Data for the task →
────────────────────
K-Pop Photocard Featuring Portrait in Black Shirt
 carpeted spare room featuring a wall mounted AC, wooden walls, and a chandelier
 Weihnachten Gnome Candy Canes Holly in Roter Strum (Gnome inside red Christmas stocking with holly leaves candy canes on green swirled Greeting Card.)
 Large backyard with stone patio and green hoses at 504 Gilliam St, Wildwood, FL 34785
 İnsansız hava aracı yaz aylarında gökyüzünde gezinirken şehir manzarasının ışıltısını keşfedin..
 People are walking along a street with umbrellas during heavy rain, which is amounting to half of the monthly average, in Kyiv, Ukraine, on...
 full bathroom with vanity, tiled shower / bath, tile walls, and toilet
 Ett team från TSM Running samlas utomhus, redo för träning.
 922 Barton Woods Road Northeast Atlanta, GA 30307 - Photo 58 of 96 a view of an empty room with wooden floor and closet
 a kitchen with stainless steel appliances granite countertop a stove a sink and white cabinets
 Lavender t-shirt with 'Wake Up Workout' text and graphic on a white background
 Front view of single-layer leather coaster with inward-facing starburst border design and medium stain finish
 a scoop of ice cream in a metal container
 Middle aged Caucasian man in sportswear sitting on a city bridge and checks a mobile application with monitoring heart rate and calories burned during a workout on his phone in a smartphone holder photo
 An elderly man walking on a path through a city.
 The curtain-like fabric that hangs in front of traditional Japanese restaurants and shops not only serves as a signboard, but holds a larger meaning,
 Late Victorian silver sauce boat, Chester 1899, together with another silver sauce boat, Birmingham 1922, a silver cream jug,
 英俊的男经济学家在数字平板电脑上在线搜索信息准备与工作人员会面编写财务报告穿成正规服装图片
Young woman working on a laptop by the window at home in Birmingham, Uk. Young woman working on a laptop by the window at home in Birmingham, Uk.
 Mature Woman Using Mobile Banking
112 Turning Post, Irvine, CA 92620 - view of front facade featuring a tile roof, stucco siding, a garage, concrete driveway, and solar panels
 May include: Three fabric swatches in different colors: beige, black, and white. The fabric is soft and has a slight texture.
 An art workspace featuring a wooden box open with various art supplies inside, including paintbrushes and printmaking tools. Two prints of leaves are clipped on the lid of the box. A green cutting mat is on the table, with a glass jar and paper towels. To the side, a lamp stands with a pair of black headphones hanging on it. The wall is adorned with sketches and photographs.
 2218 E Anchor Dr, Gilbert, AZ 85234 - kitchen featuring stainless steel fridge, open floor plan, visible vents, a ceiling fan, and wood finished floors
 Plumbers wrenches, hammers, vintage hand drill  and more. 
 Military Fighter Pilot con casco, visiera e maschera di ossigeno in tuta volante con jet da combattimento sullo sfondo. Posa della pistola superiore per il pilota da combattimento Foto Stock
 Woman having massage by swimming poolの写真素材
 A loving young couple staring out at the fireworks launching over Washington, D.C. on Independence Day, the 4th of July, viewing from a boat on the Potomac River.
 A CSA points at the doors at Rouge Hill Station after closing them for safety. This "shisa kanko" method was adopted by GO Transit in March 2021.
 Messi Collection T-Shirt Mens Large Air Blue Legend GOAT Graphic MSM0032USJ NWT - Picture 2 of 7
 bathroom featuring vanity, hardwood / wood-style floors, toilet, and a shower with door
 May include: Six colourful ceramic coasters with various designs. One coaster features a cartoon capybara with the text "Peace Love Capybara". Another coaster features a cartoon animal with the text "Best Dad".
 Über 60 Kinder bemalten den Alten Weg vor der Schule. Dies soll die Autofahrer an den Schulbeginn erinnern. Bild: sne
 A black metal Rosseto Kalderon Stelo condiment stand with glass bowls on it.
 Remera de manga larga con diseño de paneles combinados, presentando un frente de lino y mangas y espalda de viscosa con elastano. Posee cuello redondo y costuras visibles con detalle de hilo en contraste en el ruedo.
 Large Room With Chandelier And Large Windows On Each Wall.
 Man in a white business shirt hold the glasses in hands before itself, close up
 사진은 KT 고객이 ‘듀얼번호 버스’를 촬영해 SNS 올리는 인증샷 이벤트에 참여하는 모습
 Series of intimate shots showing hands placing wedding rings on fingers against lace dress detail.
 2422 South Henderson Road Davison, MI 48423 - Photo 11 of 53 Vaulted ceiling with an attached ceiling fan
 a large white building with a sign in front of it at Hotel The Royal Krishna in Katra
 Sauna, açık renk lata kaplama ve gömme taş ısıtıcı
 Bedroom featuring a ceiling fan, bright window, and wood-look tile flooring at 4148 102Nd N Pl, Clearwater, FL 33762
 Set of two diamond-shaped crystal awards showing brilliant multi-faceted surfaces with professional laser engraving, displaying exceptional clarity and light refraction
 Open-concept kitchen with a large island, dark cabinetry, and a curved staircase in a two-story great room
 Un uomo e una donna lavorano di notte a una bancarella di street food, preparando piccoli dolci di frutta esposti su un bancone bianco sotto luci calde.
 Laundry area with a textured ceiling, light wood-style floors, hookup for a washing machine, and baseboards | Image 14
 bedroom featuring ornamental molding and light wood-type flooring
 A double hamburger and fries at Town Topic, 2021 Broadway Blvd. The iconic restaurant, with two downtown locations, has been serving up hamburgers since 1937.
────────────────────
Exercise instructions →
Repeat word for word the lines above that run from the line containing "922 Barton Woods" through the line containing "a scoop of ice cream in a metal container", both ends included, and nothing else.

Solution below →
 922 Barton Woods Road Northeast Atlanta, GA 30307 - Photo 58 of 96 a view of an empty room with wooden floor and closet
 a kitchen with stainless steel appliances granite countertop a stove a sink and white cabinets
 Lavender t-shirt with 'Wake Up Workout' text and graphic on a white background
 Front view of single-layer leather coaster with inward-facing starburst border design and medium stain finish
 a scoop of ice cream in a metal container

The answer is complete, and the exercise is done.